Vietnamese Zipformer ASR

Model description

Model type: Automatic speech recognition (ASR) — streaming-capable transducer (Zipformer encoder + stateless decoder + joiner), exported as ONNX and quantized to INT8 for deployment.

Languages: Vietnamese (primary); handles Vietnamese–English code-switched speech.

Training framework: Icefall (k2 + Lhotse); pruned RNN-T loss; optional CTC; ScaledAdam + Eden scheduler; mixed precision (FP16/BF16).

Evaluation (results-4): WER reported on VietCasual test sets (combined A+B), normalized transcripts, jiwer-based WER.

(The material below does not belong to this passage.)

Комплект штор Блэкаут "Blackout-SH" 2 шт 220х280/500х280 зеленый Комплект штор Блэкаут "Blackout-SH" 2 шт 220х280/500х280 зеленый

Model variants and performance

Variant	Checkpoint	Overall WER (%)	Notes
exp7	epoch-4-avg-4.int8	8.22	Best WER in results-4
exp7	epoch-10-avg-10.int8	8.43
exp7	epoch-15-avg-15.int8	8.43
exp7	epoch-1-avg-1.int8	9.80	Early epoch
zipformer-6000h	epoch-20-avg-10.int8	21.93	~6k-hour pretrain; different data/domain
viet_iter	epoch-12-avg-8.int8	25.79	Different training setup

Recommended for VietCasual: exp7 with epoch-4-avg-4.int8 (8.22% WER).
Test set: VietCasual (vietcasual_test_A_1000 + vietcasual_test_B_1000), casual Vietnamese and code-switched English; transcripts normalized (e.g. soe_vinorm, punctuation cleaning).

Intended use

Primary: Vietnamese ASR and Vietnamese–English code-switched speech (e.g. podcasts, interviews, casual dialogue).
Deployment: On-device or server with sherpa-onnx (INT8 ONNX); supports streaming.
Out-of-scope: Formal written text read-aloud only; other languages without adaptation; high-noise or heavily accented speech without further fine-tuning.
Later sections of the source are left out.